In principio Dio creò il cielo e la terra. Ora la terra era informe e deserta e le tenebre ricoprivano l’abisso e lo spirito di Dio aleggiava sulle acque. Dio disse: «Sia la luce!». E la luce fu. Dio vide che la luce era cosa buona e separò la luce dalle tenebre e chiamò la luce giorno e le tenebre notte. E fu sera e fu mattina: primo giorno.

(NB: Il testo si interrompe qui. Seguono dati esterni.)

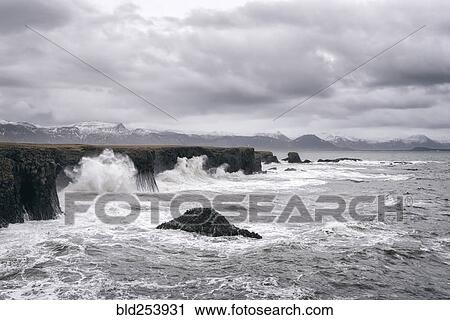 Ocean waves splashing on cliffs, Hellissandur, Snaellsnes peninsula, Iceland View Large Photo Image Stock Image - Ocean waves splashing on cliffs, Hellissandur, Snaellsnes peninsula, Iceland. Fotosearch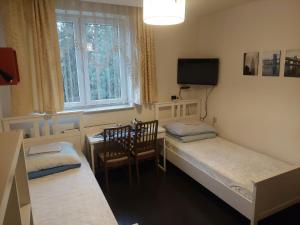 a room with two beds and a table and a tv at Pokoje Hotelowe Noclegi Hotel Pensjonat Venus Siedlce in Siedlce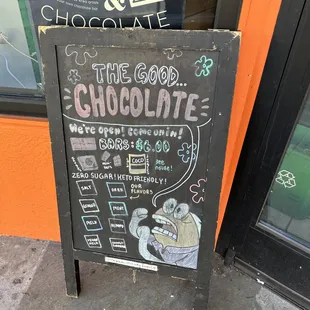 a chalkboard sign outside of a store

Flaubert nel suo Dizionario dei luoghi comuni alla parola luce ci ricorda: “Dire sempre fiat lux quando si accende una candela”. Che è un altro modo per dire che la contrapposizione tra luce e buio è valida solo se consideriamo il buio come qualcosa di negativo di mortifero e la luce, qualsiasi essa sia, come fonte di salvezza e vita. La nascita è senza dubbio un’uscita dal buio verso la luce. Mentre la morte, lei non ha imbarazzi ad aver a che fare con il buio, è un’entrata nel buio. Il regno dei morti, da qualsiasi parte esso sia, è immaginato come oscuro, luogo in cui regnano le tenebre, il nero. Non a caso, metaforicamente si dice Hora nigra. E chiaramente tutto questo non fa altro che rafforzare il valore negativo del buio e del nero. Fatto sta che il nero è come l’analogon della materia buia, e lo dimostra bene e con grande ironia quel proto-monocromo nero realizzato dall’umorista francese Alphonse Allais a fine Ottocento in cui è possibile leggere: “Combat de nègres dans une cave pendant la nuit “ (Lotta tra neri in una caverna durante la notte). Il buio ci appare nella dimensione più elastica dell’immensità, perché al buio non esiste un dietro e un davanti,

Alphonse Allais, Album primo-avrilesque, Ollendorff, 1897

non esiste una destra e una sinistra. Il buio ci ingloba, inghiotte, è un qualcosa che ci sta intorno a 360°. E, infatti, è normale dire, o sentir dire, essere avvolto dal buio o essere mangiato dal buio. Rispetto a questo tema anche le espressioni verbali diventano interessanti e fanno da guida: il buio è un qualcosa che si affetta, è pesto, fitto. Come se avesse una concreta materialità. Ma si può avere anche il buio dentro, avere un carattere buio o essere buio in volto. Tutto ciò per definire un malessere, una sensibilità, un modo di essere. Per non dire di quando con tempi bui si indica una stagione, un tempo, o, con uno slancio al futuro, un avvenire non propriamente roseo e prospero e propizio. Ma sono molti e plurimi i livelli metaforici con cui il buio appare, non ultimo indagare nel buio, o fare un salto nel buio quando si sta per iniziare una qualsiasi ricerca, proprio come quella che ha portato a questo progetto di mostra. Che il buio sia nel nostro intimo o fuori di noi è un fenomeno così complesso che è necessario cercare di frammentarlo. Proprio per le sue inaccertabili caratteristiche il buio può essere indagato solo nel frammento: buio esterno buio interno, buio naturale buio artificiale, buio reale buio figurato. Ma esistono anche le gradazioni del buio poiché può essere tenebroso, brillante, opaco o luminoso. In questa mostra il buio è stato ricercato nelle opere d’arte, ovvero in come gli artisti hanno utilizzato o vissuto o raffigurato il buio a partire dai contemporanei per poi scendere a ritroso nei secoli. È nato, così, un percorso visivo nella storia dell’arte che evidenzia come il buio nella sua costante presenza muti a seconda della cultura e del tempo. Se gli artisti più recenti invitano a stare nell’oscurità, altri protagonisti del Novecento si rifanno al buio come materia per l’espressione pittorica o per l’indagine introspettiva. Il percorso procede al contrario e arriva alla rappresentazione dei notturni, un genere pittorico il cui primo episodio si trova a Firenze, nella Cappella Baroncelli di Santa Croce, con l’Annuncio ai Pastori di Taddeo Gaddi. Il buio è un mondo complesso che, seppur ai margini, lascia scoprire nuove visioni e per questo merita cascarci dentro senza troppi pregiudizi.